### AIM OF THE EXERCISE
Copy out the data from the line containing "NR 12 - SEGURANÇA" to its last line, exactly. No pictures.

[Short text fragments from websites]
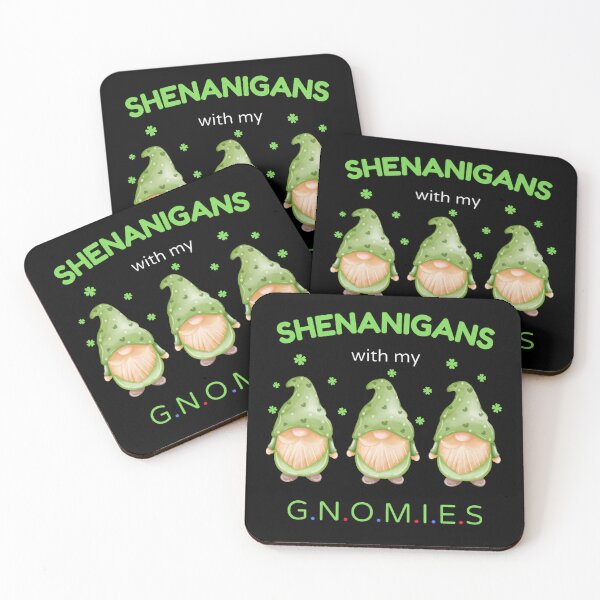 Aperçu de l'œuvre Shenanigans With My Gnomies St Patricks Day Gnome Shamrock créée et vendue par SAABDERRAHIM.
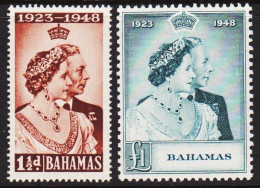 1948. BAHAMAS George VI Silverwedding Complete Set. Hinged. (Michel 153-154) - JF546077 - Bahama's (1973-...)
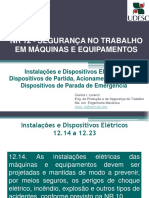 NR 12 - SEGURANÇA NO TRABALHO EM MÁQUINAS E EQUIPAMENTOS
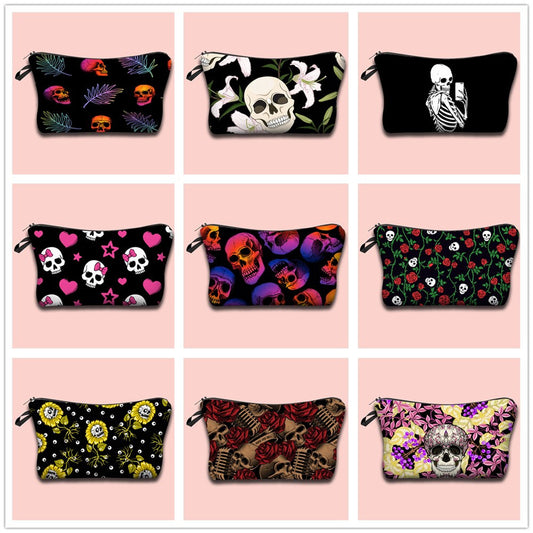 Polyester Skull Printing Makeup Bag (Minimo de Compra 2) MYA-QB002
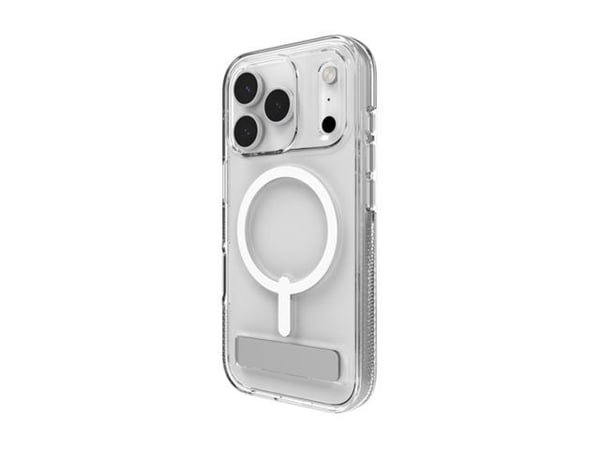 ZAGG Crystal Palace Snap Kickstand, Suojus, Apple, iPhone 17 Pro, 16 cm (6.3"), Läpinäkyvä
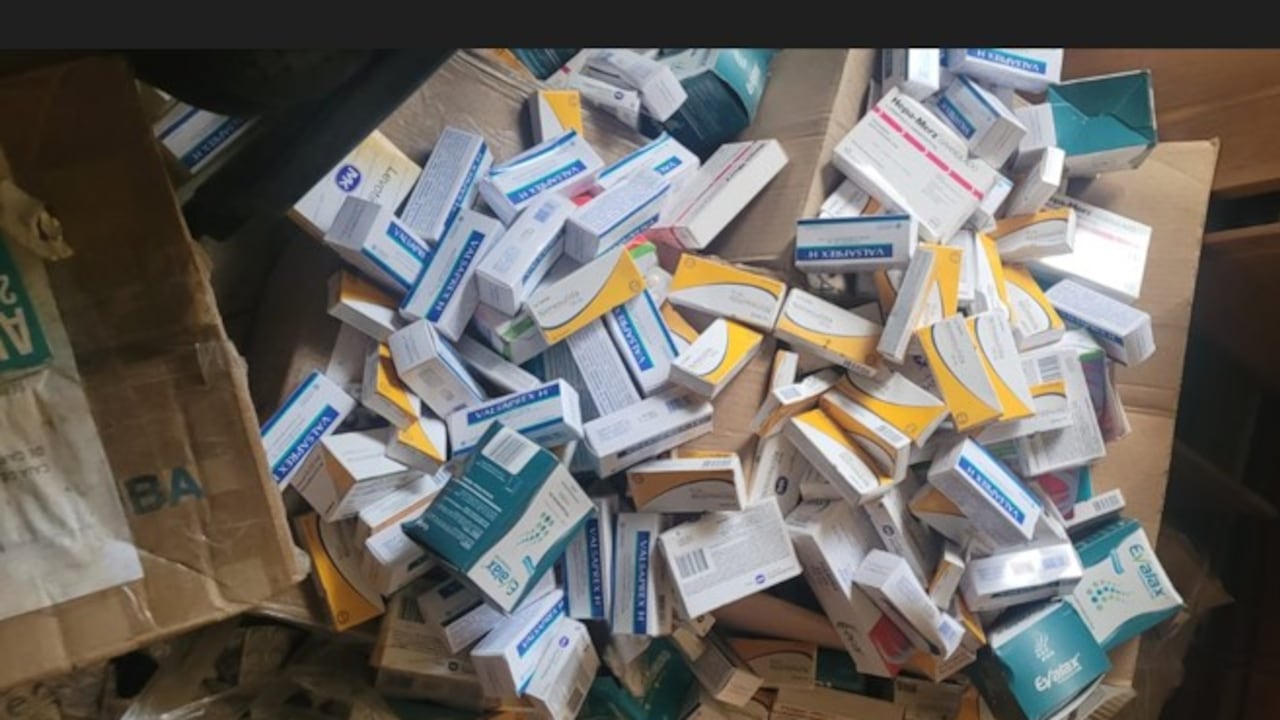 Medicamentos decomisados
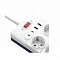 Сетевой фильтр Wiwu Wi-S008 (10 розеток + 2 USB 18W + 2 Type-C 20W) White (белый) (Китай)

### TASK RESULT
 NR 12 - SEGURANÇA NO TRABALHO EM MÁQUINAS E EQUIPAMENTOS
 Polyester Skull Printing Makeup Bag (Minimo de Compra 2) MYA-QB002
 ZAGG Crystal Palace Snap Kickstand, Suojus, Apple, iPhone 17 Pro, 16 cm (6.3"), Läpinäkyvä
 Medicamentos decomisados
 Сетевой фильтр Wiwu Wi-S008 (10 розеток + 2 USB 18W + 2 Type-C 20W) White (белый) (Китай)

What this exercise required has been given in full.